Salvage of the Iconic Underwater Observatory at Green Island
The 1954 Green Island Underwater Observatory is Salvaged
The experienced commercial dive division of North Marine successfully executed the salvage and removal of the submerged structure, located at Green Island out of Cairns.
A Key Piece of Queensland Tourism History
It is with a sad heart and happy memories that North Marine undertook the massive task of deconstructing and salvaging the iconic 1954 Underwater Observatory at Green Island.
About the Green Island Underwater Observatory
The underwater observatory at Green Island was the brainchild of Vince Vlassoff, a 37-year-old Australian born Engineer, and Lloyd Grigg after they met on a crocodile safari cruise operated by Vlassoff.
Before snorkelling or scuba diving had become mainstream activities, this pioneering piece of architecture truly was a revolution in reef tourism, which up until this point had largely been occasional ferry trips taking people to offshore islands for a day trip. Never before had the general visitor had access to freely view the Great Barrier Reef beneath the surface.

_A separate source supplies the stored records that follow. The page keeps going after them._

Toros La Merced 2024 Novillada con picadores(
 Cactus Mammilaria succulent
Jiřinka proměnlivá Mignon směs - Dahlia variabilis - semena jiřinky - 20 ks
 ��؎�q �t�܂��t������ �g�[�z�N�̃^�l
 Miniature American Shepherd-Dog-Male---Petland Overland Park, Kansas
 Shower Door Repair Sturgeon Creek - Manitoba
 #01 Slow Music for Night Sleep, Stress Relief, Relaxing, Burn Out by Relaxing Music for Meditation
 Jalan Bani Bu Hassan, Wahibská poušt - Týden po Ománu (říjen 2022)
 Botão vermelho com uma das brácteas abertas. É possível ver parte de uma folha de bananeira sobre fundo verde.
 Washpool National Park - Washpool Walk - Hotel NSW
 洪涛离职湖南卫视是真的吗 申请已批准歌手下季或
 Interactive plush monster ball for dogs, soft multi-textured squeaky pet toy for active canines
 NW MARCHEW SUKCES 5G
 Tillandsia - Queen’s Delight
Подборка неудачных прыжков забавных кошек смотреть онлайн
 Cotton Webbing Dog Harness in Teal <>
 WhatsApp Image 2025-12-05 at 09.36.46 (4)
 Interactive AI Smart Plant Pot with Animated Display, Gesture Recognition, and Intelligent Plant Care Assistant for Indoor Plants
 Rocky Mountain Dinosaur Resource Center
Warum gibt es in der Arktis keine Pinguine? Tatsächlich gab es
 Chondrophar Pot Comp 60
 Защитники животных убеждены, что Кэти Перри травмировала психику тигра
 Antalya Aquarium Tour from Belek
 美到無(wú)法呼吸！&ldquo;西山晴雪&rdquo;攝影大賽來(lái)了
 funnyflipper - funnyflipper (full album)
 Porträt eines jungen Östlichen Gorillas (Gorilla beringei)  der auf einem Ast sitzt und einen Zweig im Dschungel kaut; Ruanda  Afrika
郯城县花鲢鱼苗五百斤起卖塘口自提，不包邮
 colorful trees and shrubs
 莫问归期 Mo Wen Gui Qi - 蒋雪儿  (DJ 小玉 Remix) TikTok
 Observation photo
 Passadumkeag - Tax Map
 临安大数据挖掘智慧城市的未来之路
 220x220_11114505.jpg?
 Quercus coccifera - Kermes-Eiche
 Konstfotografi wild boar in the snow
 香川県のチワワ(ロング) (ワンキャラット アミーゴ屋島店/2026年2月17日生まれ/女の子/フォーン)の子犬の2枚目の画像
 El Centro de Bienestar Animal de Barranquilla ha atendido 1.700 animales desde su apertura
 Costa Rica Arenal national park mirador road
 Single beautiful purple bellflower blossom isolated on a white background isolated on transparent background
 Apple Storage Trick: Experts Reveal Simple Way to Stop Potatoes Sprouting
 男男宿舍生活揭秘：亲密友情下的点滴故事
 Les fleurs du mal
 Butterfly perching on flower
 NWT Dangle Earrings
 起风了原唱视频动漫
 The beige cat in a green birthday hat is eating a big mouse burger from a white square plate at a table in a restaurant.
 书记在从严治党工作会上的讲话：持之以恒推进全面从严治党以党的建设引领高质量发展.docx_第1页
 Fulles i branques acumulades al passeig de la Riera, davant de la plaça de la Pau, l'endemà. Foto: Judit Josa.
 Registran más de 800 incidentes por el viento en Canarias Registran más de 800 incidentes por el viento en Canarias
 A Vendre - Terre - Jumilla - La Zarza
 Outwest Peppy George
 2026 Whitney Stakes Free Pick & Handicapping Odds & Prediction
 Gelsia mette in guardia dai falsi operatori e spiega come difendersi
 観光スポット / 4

The entrepreneurial pair imagined an underwater theatre, unlike anything ever constructed of its kind before. They envisioned a place where the public could venture beneath the waves to a chamber of windows, whereby they could witness the marvellous fish, coral and aquatic life to be seen.
Construction of the chamber began in 1951 and took twelve months from planning to final submersion – an incredible time frame considering the challenge of the task and all the unknown factors.
For nearly 60 years the underwater observatory delighted visitors and provided a means of viewing the incredible underwater world.